Vol. 2, Issue 25, June 22, 2004
Rumsfeld Admits He Told Military to Hide Iraq Invasion from Red Cross
Pentagon officials acknowledged Thursday that the American invasion of Iraq and subsequent occupation of the country should have been mentioned to the International Committee of the Red Cross.
But the officials said the fact that the secret occupation of the country stretched for well over a year was probably attributable to a bureaucratic breakdown.

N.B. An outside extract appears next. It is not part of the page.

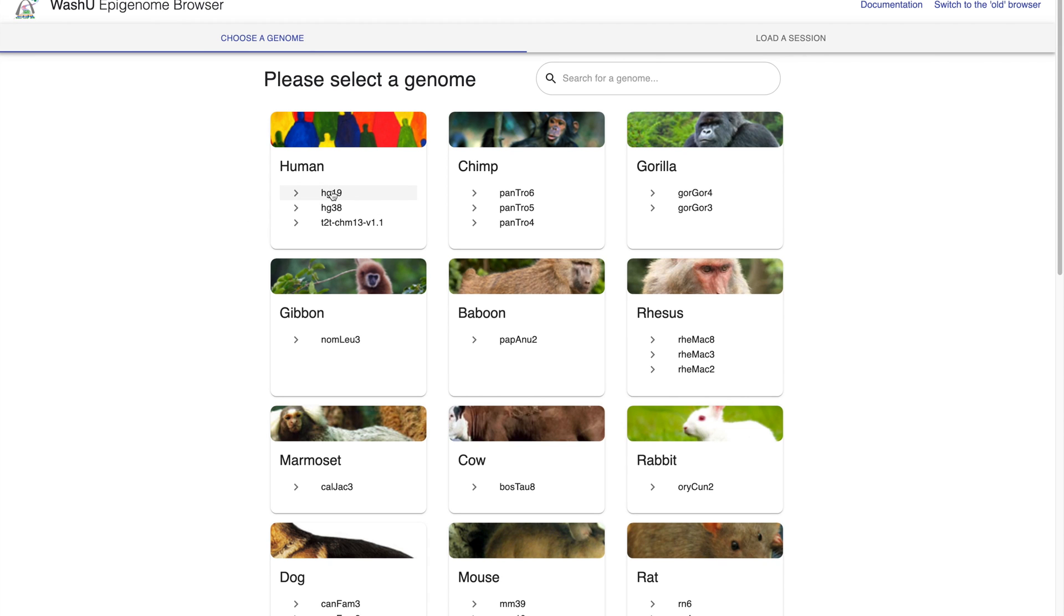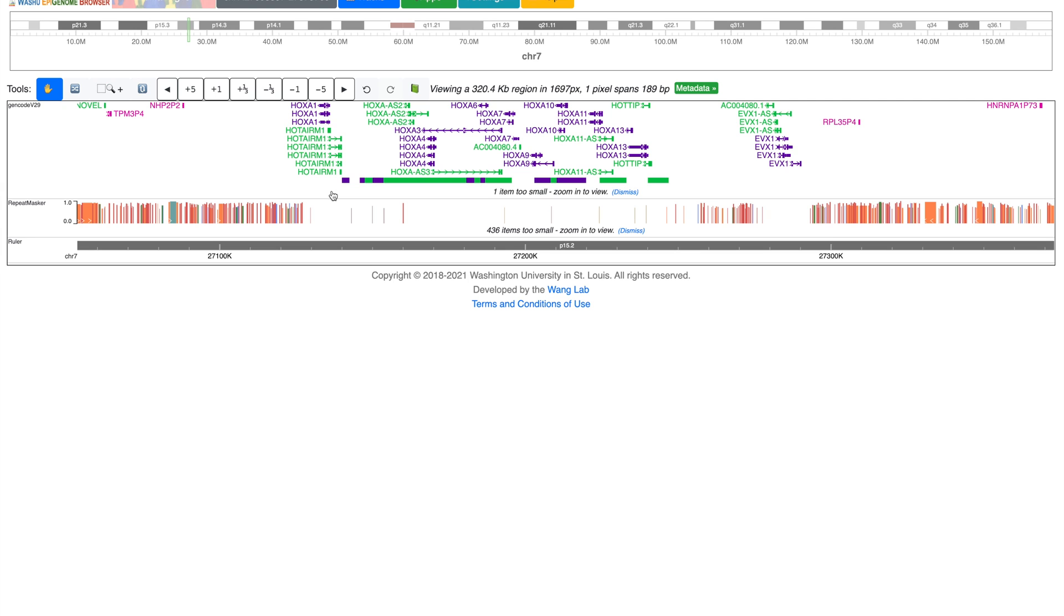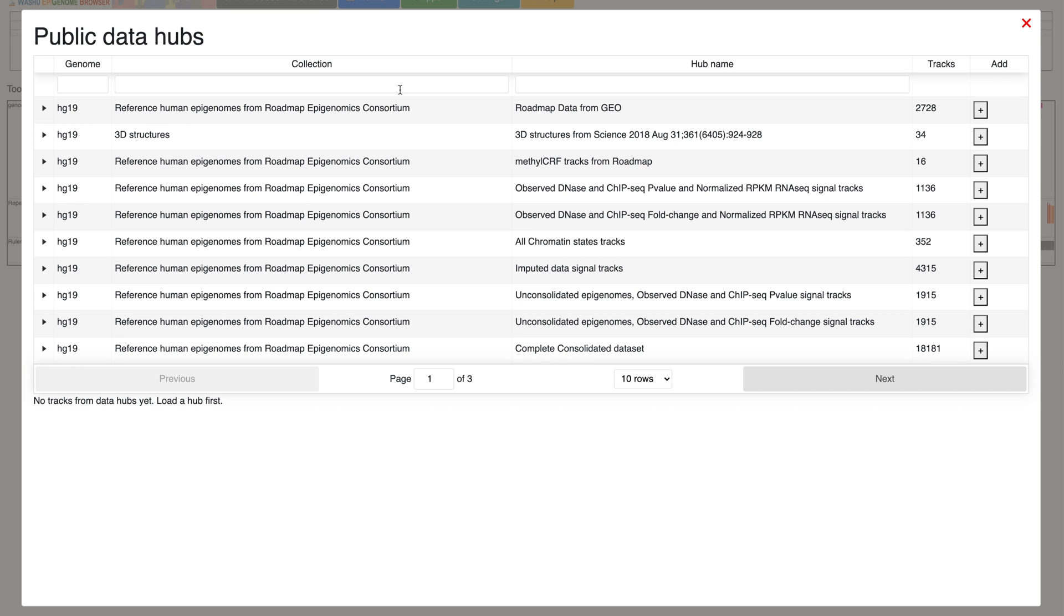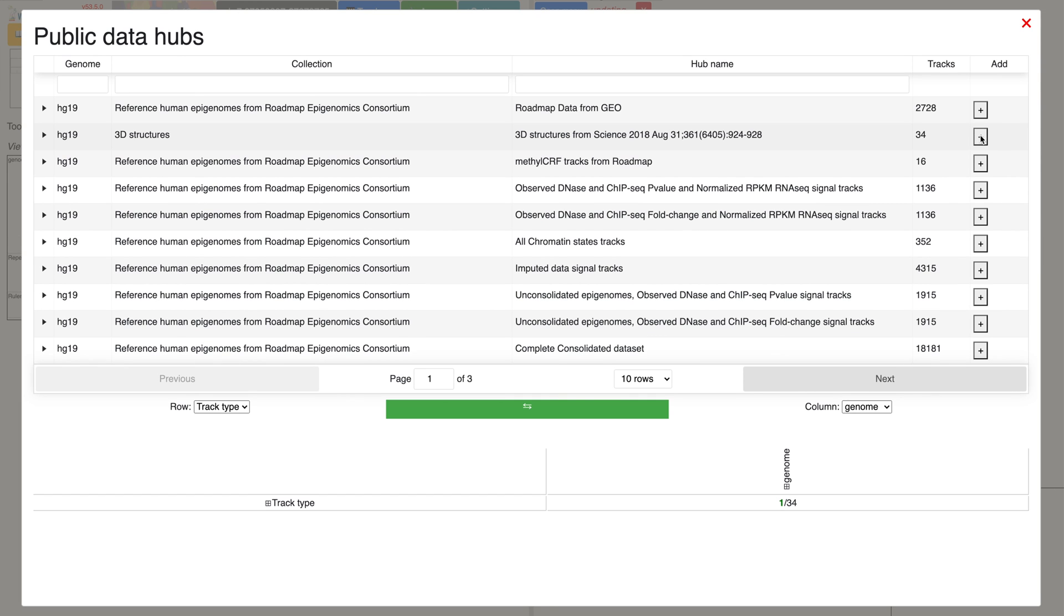Select the genome of interest to load the browser. Select tracks, public data hubs, and 3D structures to select the 3D track.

"The initial decision to occupy the country without filing registration forms was permissible, at least temporarily, for security reasons," said Daniel J. Dell'Orto, the Pentagon's principal deputy general counsel, at a Pentagon news briefing last Thursday. "We were hardly going to file a blueprint outlining the details of our military presence in a hostile country. But I suppose we should have mentioned something about the detainees and so forth to someone at the Red Cross."
Defense Secretary Donald H. Rumsfeld said in the same news conference that it was often difficult to remember all of the provisions of the Geneva Conventions.

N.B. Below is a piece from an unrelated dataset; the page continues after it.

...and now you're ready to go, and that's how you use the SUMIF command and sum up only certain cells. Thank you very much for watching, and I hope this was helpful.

"They are long and complicated," said Rumsfeld, "and our armed forces were more interested in avoiding Iraq's terrible stockpiles of weapons of mass destruction than in thumbing through a bunch of Swiss protocols." Rumsfeld added that George J. Tenet, the director of central intelligence, had submitted a written request to keep the occupation secret for "as long as possible."

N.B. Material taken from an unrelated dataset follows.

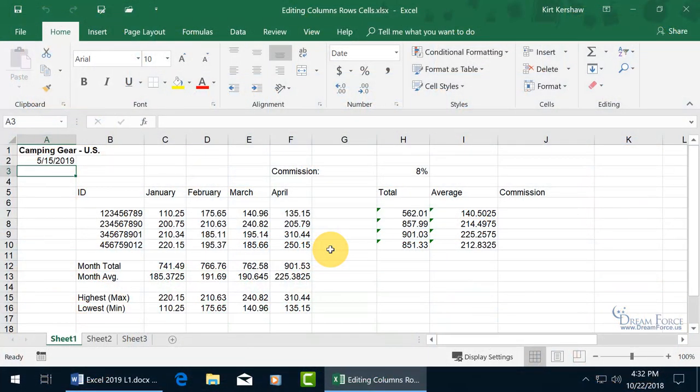When I talk about editing cells, columns, and rows, in this video I want to show you how you can insert, shift, and delete cells, columns, and rows.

Tenet's desire to keep the occupation out of the spotlight has met with a mixture of confusion and disbelief among political analysts.
"Well, it's not exactly like the operation was conducted in the dark," said Molly Bryce, political analyst for MSNBC. "The military's been broadcasting footage on national television since day one. They embedded reporters with military units. They've held high-profile press conferences on aircraft carriers and such. However, they appear to have been correct in their guess that organizations such as the Red Cross are generally too busy to watch television."
The U.S. military has been holding hundreds, possibly thousands, of detainees throughout Iraq since the invasion last year. At least some of the detainees have been apparently subjected to ridicule and abuse by their captors.
"But this is absolutely ghastly!" said Jakob Kellenberger, president of the International Committee of the Red Cross. "How long have the Americans been there? They have how many prisoners? Is this a joke? We thought all that combat footage we've been seeing was further shenanigans in Afghanistan. Where else have they invaded?"
Rumsfeld acknowledged that thousands of captives are being held outside anybody's scrutiny. However, he disputed the notion that the military's failure to mention this to the Red Cross violated international law.
"Look, I think we did them a favor," he said. "We've saved them over a year of agitation and bother, haven't we?"
"Perhaps," acknowledged Kellenberger. "But America sure is making up for lost time."